▶ EXERCISE OBJECTIVE
Look through the entries below for the line with "Sunflowers plantation, Tuscany." and the line with "Фотообои - Красивый", then give again exactly those two lines and all lines between them, minus the pictures.

▶ SUPPLIED RECORDS
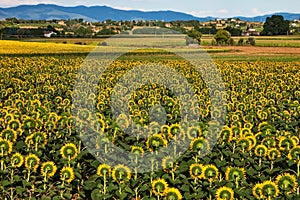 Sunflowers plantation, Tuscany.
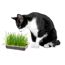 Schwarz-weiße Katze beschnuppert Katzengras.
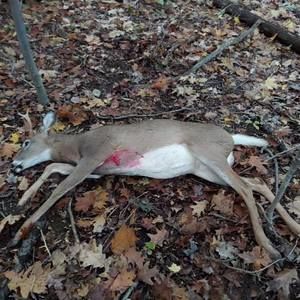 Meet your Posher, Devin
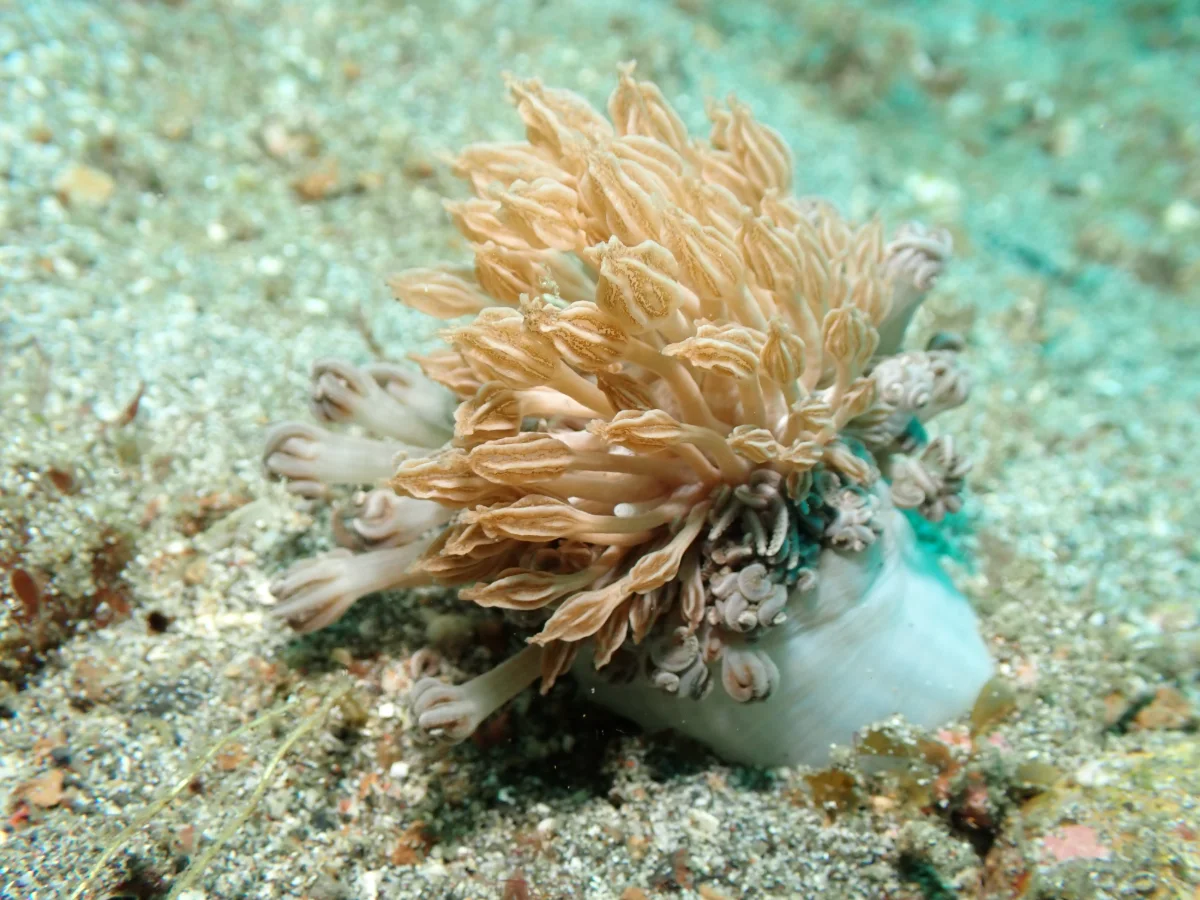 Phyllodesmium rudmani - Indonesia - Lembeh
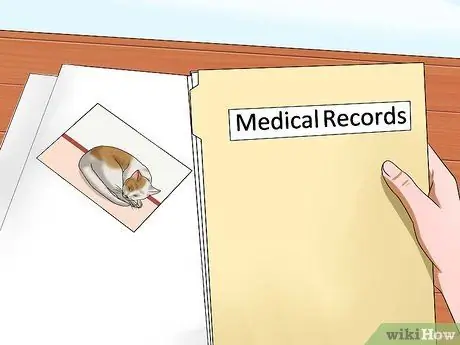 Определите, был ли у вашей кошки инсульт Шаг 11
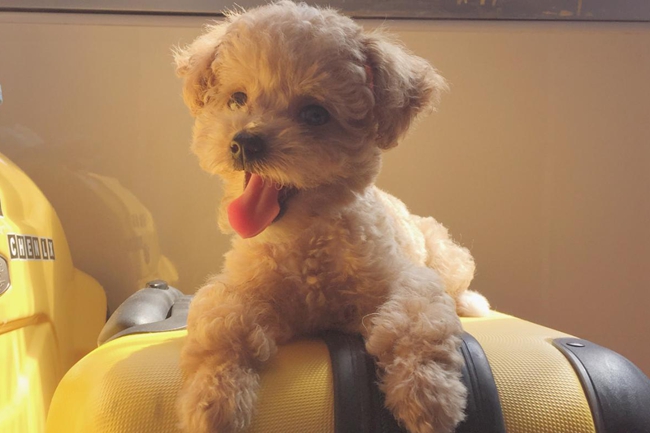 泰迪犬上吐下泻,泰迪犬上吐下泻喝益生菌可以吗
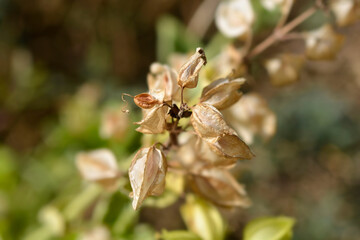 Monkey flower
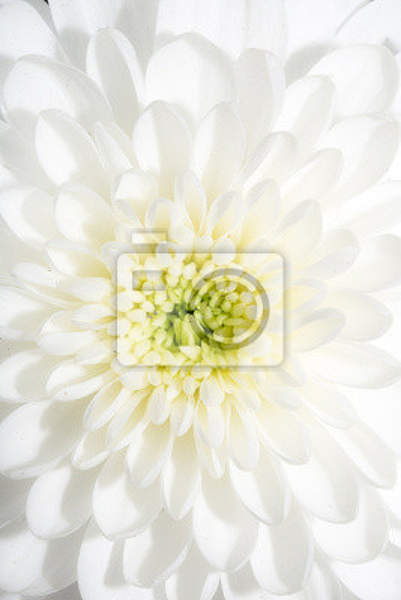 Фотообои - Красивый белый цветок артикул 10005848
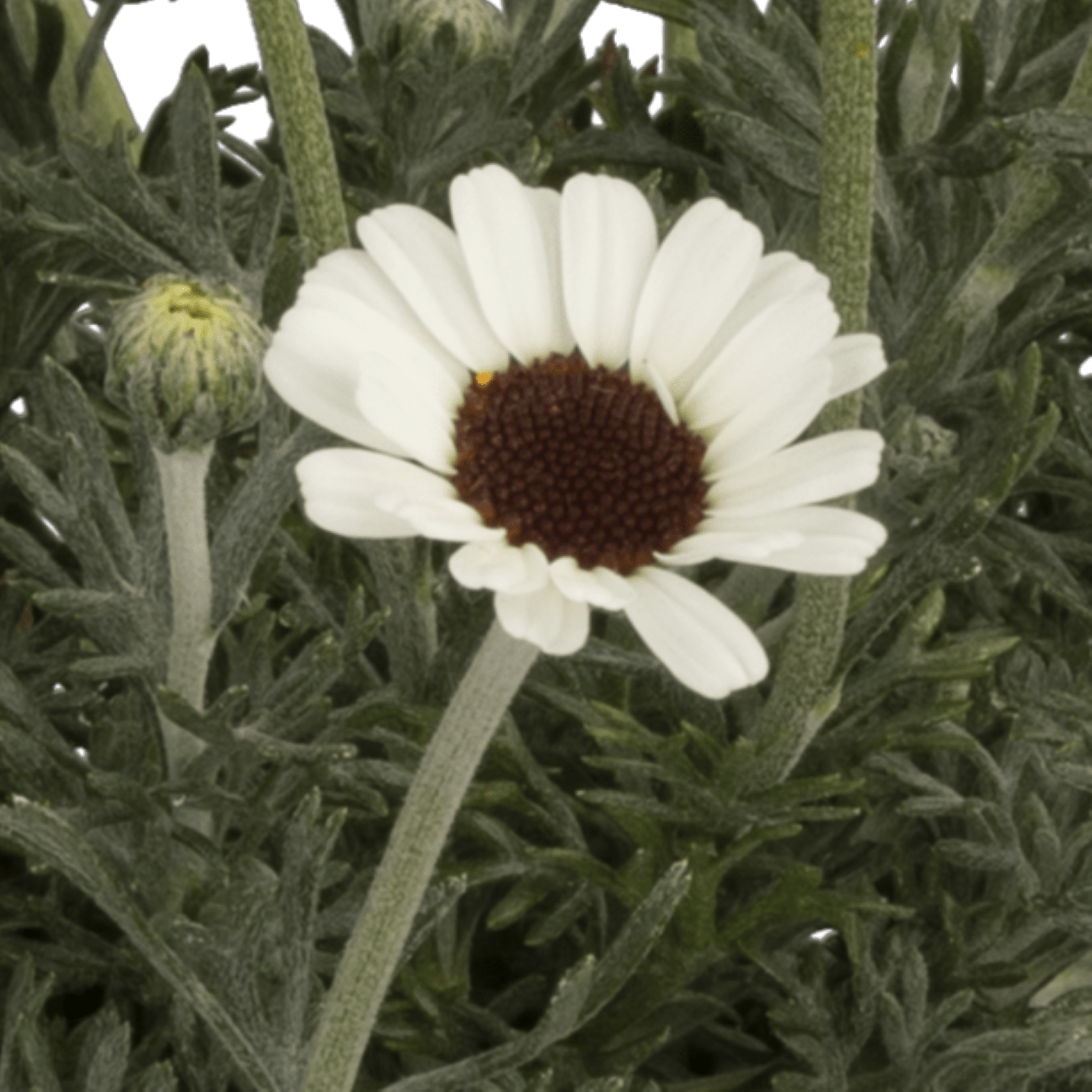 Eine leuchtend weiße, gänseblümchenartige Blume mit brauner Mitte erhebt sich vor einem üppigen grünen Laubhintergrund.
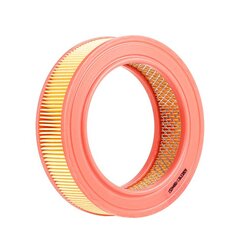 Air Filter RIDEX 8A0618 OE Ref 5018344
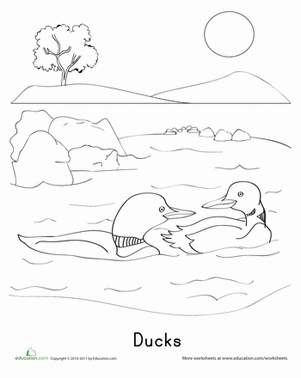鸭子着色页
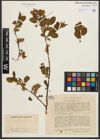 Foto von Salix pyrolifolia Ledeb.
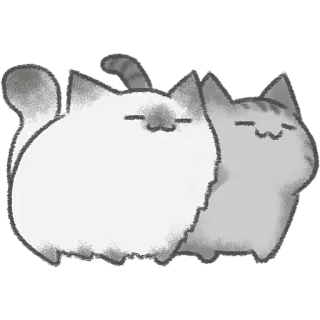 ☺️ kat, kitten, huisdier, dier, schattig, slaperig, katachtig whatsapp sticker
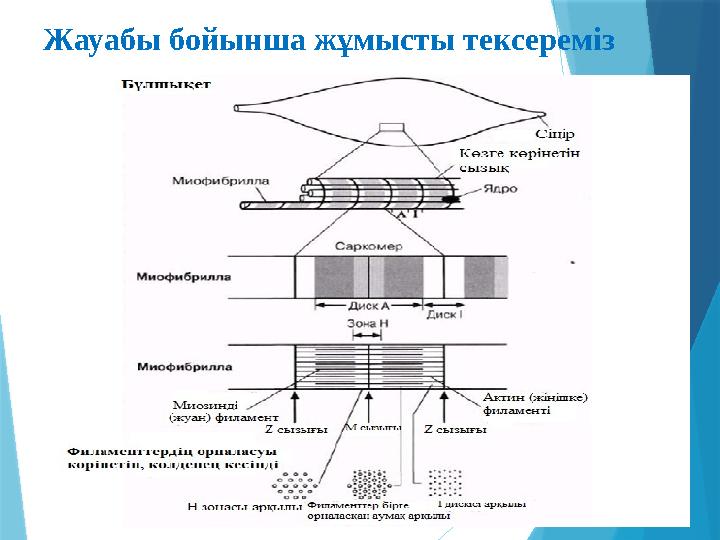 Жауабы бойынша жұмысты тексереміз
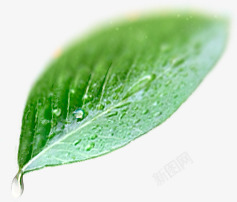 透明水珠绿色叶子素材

...

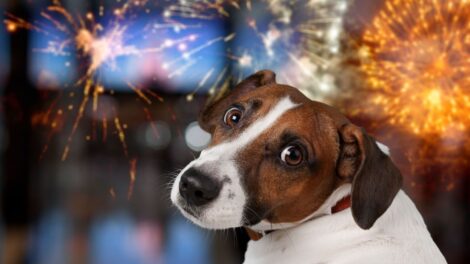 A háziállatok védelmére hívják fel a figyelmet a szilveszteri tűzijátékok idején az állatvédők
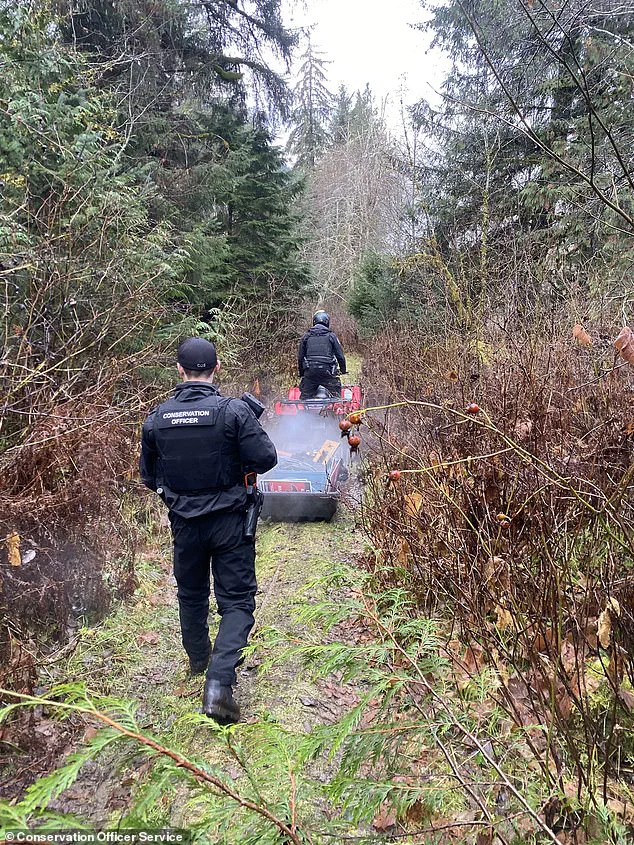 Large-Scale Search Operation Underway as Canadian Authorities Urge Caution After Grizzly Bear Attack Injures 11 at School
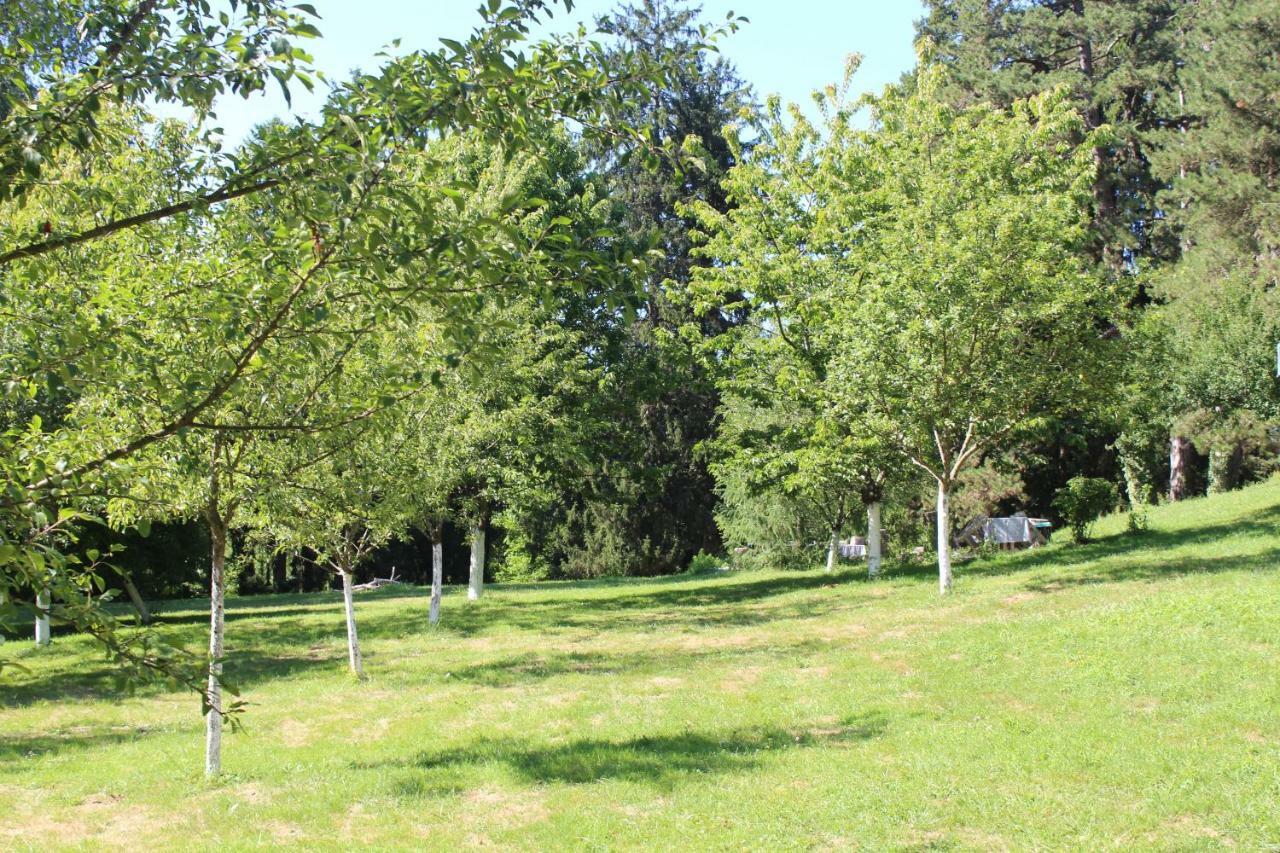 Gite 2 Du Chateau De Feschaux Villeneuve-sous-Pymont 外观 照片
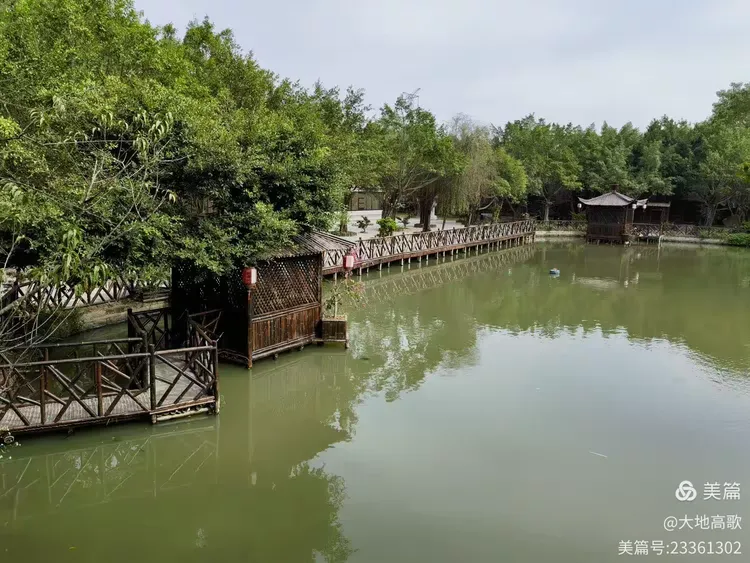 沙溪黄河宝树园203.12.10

▶ WRITTEN REPLY
 Sunflowers plantation, Tuscany.
 Schwarz-weiße Katze beschnuppert Katzengras.
 Meet your Posher, Devin
 Phyllodesmium rudmani - Indonesia - Lembeh
 Определите, был ли у вашей кошки инсульт Шаг 11
 泰迪犬上吐下泻,泰迪犬上吐下泻喝益生菌可以吗
 Monkey flower
 Фотообои - Красивый белый цветок артикул 10005848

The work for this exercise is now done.